Quelle étrange voix malgré cela!

Après tout cela je craignais de l'avoir perdue, Elle.
Quand dans l'après midi venant, marchant en ville, je croise quelqu'un que je n'avais pas vue, et une fois dépassée, sa voix se porte à mon oreille :

"I called you twenty five minutes ago..."

Je me retourne immédiatement, et vois la frêle silhouette s'éloigner au téléphone, avec le même manteau en fausse fourrure sur la capuche. 




 juillet



 Des champs à perte de vue. L'horizon bleue d'un mai du sud de la France. Sur les côtés, tout défile frénétiquement : maisons, arbres, piétons. Seul l'horizon est immobile, paisible.
Il m'observe, et moi je le contemple, furtivement. Je l'entend rire : malgré la vitesse je ne peux lui échapper - lui qui ne bouge pas d'un cil.
"Pose ta main, comme ça" "Ah ouai quand même" dans un hoquet moitié rire moitié sanglot. Pas de réponse. Le paysage passe toujours. "Tu viens donc de là-bas, je suppose." "Oui." " C'est loin?" "Arrête de parler seul."
Les paysages toujours aussi laids. Soudain, un corbeau, magnifique, noir et grand. Ah, s'il pouvait m'emporter, les serres dans ma chair, et quand on serait loin j'aurais un petit signe pour l'horizon - tu ne m'as pas eu! - pas toi! Mais non le corbeau s'en va. Adieu bonheur. Je ne suis pas encore mort. - C'est lui qui le dit.

"Et si on faisait ça?" 

Cette fois, c'est moi qui ne répond pas. "Oui. "Non." Il n'y a personne avec moi. Je regarde autour de moi, effaré. Seul. Rien, il n'y a rien.
C'est comme si je sortais d'un mauvais rêve.

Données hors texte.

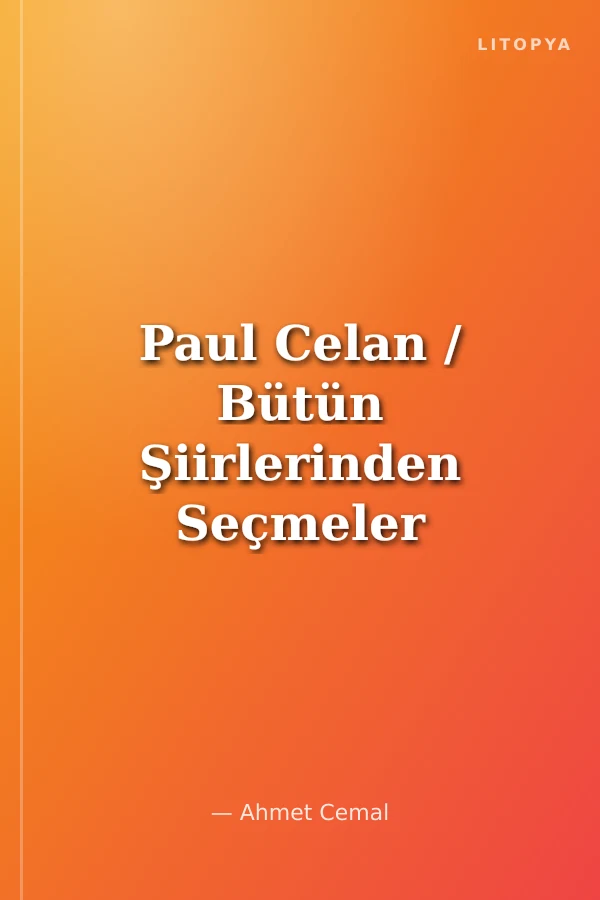 Paul Celan / Bütün Şiirlerinden Seçmeler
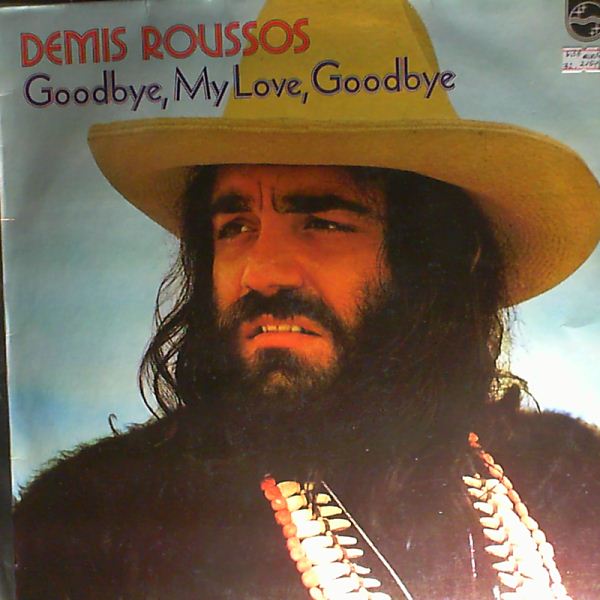 Roussos Demis — Goodbye, My Love, Goodbye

Le solipsisme est la seule manière que j'ai trouvée de ne pas basculer totalement dans la folie. Comme je suis hideux à voir! Un monstre. Et avec ça, je vis comme si j'étais en bonne compagnie - ou en tout cas pas en trop mauvaise.
L'horizon n'est toujours pas proche. Comment puis-je croire en mon mouvement? Une musique de harpe - un instant tout est changé : je n'ai plus envie de vomir et mon esprit me semble une coupe dans laquelle des bulles de cristal flottent calmement. -
La harpe s'est tue. Décidément un seul instant de paix n'est pas assez!

Et Baudelaire qui pensait qu'une éternité de torture n'importait pas pour qui avait goutté l'infini de la jouissance!